その次に担当したレーザーディスク事業は、ソニーとしては新規事業でしたが、コンピュータ事業と違い、既にパイオニアという先行者がいて、それを追いかける事業でした。その後、VHSとフォーマット競争をしたベータマックスを担当しました。

このように、タイプの違う様々な事業を経験できたおかげで、ずいぶん鍛えられました。しかも、コンピュータ事業では若きビル・ゲイツやスティーブ・ジョブズと仕事をする機会に恵まれましたし、レーザーディスクではハリウッドに、ベータマックスからVHSに変更するにあたってソニーの担当として動くことになると電機業界に人脈が広がって、面白く仕事をすることができました。

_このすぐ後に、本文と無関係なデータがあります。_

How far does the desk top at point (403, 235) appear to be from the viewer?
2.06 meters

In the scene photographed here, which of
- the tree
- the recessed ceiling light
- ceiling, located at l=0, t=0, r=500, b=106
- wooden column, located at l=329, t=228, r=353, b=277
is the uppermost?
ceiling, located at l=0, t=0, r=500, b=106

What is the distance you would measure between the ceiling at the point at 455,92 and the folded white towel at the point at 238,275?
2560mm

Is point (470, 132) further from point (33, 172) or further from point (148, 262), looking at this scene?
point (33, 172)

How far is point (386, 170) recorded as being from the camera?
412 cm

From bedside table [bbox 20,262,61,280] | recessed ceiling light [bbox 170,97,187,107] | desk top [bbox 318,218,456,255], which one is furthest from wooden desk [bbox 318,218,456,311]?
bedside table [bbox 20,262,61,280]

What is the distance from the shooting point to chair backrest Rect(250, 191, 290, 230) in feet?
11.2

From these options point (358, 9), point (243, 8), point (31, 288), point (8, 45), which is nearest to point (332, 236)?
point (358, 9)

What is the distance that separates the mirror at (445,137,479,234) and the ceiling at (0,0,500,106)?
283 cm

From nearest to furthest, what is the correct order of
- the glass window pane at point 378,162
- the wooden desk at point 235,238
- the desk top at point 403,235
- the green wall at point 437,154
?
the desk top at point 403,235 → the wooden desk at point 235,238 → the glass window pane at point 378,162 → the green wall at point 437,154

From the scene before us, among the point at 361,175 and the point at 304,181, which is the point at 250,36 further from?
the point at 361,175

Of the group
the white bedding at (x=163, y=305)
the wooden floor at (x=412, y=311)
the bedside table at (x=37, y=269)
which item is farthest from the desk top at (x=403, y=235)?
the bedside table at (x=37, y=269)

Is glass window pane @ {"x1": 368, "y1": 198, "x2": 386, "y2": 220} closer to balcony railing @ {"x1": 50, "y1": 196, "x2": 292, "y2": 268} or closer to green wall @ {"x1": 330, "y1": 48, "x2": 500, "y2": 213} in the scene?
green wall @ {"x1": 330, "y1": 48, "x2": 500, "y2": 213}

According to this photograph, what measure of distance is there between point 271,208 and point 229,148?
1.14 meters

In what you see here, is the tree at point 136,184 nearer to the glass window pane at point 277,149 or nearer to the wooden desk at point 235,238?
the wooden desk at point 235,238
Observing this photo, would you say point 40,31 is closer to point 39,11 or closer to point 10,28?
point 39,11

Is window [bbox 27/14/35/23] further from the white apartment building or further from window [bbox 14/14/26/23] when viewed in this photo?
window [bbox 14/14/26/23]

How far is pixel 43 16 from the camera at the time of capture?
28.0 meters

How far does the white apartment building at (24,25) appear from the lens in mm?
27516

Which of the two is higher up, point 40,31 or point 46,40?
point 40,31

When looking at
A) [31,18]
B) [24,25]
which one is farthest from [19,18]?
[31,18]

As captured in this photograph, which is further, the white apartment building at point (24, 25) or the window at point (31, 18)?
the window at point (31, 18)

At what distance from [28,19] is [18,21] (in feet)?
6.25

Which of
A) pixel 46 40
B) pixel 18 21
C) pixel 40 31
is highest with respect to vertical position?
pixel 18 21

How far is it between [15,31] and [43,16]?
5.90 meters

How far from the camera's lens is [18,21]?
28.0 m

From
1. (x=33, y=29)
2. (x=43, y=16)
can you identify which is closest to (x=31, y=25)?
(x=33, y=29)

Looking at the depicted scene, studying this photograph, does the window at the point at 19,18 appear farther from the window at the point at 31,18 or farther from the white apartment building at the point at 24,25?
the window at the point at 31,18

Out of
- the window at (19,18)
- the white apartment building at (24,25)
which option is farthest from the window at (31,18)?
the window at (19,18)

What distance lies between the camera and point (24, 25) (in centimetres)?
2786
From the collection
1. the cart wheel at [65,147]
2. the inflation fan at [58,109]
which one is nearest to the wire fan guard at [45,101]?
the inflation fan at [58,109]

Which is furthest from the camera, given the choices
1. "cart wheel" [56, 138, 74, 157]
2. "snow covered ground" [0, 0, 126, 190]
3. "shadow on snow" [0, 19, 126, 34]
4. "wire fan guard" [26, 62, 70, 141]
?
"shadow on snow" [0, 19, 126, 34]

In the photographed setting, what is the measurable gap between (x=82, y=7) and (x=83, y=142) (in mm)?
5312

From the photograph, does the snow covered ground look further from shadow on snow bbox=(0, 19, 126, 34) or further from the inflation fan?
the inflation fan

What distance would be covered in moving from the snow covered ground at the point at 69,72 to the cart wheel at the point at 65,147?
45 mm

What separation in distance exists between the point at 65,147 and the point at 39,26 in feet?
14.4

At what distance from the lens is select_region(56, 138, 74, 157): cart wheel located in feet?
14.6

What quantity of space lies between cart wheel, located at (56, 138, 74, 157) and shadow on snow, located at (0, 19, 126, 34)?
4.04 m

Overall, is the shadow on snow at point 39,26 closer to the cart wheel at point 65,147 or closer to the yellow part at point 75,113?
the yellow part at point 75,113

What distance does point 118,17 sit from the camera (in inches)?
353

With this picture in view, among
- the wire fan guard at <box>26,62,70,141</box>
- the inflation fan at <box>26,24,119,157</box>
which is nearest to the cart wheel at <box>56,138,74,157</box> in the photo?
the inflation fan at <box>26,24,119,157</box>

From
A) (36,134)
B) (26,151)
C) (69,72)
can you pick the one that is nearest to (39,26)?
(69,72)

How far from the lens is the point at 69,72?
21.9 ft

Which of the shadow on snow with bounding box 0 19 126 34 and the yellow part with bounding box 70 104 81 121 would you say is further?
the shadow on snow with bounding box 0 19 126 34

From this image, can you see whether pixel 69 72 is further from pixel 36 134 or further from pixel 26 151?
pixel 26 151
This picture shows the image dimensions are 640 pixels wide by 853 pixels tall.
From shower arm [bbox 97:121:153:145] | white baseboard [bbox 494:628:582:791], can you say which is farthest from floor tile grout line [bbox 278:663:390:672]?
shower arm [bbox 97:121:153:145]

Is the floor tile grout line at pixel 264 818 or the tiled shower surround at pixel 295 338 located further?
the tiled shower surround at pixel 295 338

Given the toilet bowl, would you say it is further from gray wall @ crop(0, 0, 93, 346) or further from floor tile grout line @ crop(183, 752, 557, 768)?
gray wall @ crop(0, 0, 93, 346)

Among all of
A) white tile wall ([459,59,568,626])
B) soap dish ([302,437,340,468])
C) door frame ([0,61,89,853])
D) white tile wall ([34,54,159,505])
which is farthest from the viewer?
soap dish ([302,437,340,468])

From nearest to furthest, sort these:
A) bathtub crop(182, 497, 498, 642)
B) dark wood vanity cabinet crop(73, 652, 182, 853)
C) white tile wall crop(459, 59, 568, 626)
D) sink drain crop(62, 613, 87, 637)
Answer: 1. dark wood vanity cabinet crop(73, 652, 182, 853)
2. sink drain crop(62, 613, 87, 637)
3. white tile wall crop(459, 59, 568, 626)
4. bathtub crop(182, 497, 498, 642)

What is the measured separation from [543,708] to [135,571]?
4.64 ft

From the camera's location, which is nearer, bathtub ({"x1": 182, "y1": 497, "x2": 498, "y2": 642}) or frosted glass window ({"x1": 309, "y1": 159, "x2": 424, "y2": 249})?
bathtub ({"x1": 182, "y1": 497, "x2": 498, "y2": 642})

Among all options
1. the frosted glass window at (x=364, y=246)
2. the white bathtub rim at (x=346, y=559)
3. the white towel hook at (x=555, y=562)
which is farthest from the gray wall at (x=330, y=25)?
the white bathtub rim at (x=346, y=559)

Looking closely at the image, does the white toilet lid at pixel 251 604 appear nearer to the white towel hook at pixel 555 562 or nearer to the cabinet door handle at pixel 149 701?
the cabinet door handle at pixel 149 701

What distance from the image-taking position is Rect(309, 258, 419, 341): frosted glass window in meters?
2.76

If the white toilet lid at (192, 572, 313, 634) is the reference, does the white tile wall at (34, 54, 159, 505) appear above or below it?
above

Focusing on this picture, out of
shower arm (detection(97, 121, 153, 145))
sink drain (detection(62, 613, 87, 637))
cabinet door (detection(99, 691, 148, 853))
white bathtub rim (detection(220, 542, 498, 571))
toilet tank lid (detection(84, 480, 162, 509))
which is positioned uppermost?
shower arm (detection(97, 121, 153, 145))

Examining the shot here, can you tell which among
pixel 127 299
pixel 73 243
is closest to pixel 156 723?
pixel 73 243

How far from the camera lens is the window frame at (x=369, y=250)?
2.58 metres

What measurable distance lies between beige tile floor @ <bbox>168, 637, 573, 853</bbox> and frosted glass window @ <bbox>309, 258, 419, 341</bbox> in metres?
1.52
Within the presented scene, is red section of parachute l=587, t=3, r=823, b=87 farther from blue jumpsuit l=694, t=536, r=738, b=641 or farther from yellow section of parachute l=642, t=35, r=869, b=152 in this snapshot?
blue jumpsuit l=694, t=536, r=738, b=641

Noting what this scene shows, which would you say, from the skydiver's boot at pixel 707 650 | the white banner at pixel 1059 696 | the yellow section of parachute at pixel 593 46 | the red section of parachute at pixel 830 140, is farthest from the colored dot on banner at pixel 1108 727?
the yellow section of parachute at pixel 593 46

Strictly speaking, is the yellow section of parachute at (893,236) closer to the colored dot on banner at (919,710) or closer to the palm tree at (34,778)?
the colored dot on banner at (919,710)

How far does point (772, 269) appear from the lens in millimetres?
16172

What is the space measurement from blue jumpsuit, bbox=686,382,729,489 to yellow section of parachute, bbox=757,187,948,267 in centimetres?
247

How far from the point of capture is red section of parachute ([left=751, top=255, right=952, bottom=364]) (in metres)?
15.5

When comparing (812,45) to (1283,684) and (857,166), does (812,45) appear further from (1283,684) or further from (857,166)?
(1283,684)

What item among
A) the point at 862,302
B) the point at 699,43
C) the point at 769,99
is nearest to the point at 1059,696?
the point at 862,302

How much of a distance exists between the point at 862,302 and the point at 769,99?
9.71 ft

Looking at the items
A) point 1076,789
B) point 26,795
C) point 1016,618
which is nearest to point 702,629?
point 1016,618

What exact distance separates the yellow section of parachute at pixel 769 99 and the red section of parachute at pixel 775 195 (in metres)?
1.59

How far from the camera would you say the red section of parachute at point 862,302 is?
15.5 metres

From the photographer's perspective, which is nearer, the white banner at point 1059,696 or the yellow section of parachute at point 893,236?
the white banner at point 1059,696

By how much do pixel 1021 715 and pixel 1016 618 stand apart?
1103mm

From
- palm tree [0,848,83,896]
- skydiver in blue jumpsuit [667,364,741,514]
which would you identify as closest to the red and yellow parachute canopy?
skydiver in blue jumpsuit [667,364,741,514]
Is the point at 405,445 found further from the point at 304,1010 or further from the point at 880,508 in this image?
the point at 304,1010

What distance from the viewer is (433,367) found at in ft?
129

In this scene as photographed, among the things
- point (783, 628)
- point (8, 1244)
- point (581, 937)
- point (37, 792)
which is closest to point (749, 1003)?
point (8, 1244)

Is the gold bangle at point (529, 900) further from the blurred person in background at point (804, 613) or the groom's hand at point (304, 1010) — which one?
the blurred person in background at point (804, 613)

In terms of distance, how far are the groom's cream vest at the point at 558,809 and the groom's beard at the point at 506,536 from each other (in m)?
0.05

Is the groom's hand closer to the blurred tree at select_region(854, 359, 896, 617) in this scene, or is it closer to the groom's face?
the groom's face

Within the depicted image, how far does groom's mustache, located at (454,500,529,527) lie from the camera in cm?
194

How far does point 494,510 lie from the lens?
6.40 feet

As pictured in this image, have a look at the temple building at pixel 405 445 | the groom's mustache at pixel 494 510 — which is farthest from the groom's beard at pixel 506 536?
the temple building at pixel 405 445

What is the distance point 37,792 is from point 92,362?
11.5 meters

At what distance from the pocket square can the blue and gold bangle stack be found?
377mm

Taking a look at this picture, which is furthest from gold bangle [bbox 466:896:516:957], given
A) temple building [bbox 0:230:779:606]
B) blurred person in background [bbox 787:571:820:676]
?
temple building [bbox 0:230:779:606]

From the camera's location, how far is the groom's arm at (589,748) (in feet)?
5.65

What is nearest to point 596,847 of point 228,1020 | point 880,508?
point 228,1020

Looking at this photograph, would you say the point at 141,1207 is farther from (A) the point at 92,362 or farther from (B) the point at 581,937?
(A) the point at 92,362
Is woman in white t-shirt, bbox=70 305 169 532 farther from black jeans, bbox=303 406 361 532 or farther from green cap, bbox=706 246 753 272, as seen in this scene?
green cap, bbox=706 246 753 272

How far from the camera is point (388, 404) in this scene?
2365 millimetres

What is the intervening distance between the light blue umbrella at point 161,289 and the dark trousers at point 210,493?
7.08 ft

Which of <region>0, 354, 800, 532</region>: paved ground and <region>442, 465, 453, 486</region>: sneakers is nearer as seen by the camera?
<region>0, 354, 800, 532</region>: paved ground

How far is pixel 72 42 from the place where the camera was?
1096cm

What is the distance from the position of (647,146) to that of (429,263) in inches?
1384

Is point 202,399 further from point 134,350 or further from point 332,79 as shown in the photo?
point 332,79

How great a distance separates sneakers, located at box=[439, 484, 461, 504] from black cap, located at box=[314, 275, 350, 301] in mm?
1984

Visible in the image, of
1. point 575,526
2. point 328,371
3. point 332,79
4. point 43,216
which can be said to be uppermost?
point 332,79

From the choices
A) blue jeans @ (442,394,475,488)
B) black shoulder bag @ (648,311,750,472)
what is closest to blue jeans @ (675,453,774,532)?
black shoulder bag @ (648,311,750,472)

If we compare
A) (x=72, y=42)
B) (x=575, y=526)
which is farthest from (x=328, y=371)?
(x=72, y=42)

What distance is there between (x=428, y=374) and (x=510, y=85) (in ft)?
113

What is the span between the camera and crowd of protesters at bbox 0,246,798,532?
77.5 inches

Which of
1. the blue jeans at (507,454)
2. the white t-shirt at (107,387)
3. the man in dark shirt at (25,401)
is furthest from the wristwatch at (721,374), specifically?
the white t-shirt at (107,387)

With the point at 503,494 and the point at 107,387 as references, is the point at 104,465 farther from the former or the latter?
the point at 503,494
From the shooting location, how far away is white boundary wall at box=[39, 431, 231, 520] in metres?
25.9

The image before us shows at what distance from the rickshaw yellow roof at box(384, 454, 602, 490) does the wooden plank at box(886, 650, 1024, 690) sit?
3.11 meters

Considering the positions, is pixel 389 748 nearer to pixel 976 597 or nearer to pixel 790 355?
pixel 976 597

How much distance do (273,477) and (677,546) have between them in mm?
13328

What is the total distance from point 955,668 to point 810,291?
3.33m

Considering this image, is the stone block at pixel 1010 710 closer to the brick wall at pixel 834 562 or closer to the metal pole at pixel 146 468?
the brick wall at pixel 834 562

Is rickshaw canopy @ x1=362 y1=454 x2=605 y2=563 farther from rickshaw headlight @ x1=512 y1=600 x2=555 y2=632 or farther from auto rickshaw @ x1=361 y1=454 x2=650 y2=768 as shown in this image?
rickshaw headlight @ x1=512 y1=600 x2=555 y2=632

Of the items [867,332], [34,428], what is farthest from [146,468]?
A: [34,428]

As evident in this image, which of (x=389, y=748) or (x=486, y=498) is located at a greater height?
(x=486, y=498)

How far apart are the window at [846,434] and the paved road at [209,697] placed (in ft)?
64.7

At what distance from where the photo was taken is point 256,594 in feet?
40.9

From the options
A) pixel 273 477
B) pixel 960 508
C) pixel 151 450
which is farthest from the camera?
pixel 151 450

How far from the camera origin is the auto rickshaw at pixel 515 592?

30代後半になってくると、「このままでいいんだろうか」と思うようになるビジネスパーソンが多いでしょう。そんなときは、転職という道もありますが、同じ会社の中で別の仕事をするのもいい。自分がいる会社にはどんな仕事をしている人がいるのかを改めて見直して、自分がしてきたことと照らし合わせると、これから何をすれば面白いのかが見えてきます。

ずっと同じ部署にいると居心地が良くなってきますが、そこで身につけたスキルは、別の部署に移ってこそ、より輝きます。

出井伸之(いでい・のぶゆき)
クオンタムリープ〔株〕代表取締役ファウンダー&CEO
1937年、東京都生まれ。早稲田大学政治経済学部卒業後、60年にソニー〔株〕入社。オーディオ事業部長、コンピュータ事業部長、ホームビデオ事業本部長などを歴任後、89年に取締役就任。95年から2000年まで社長、00年から05年まで会長兼グループCEOとして、ソニー経営のトップを担う。退任後、クオンタムリープ〔株〕を設立し、現在に至る。(『THE21オンライン』2019年4月号より)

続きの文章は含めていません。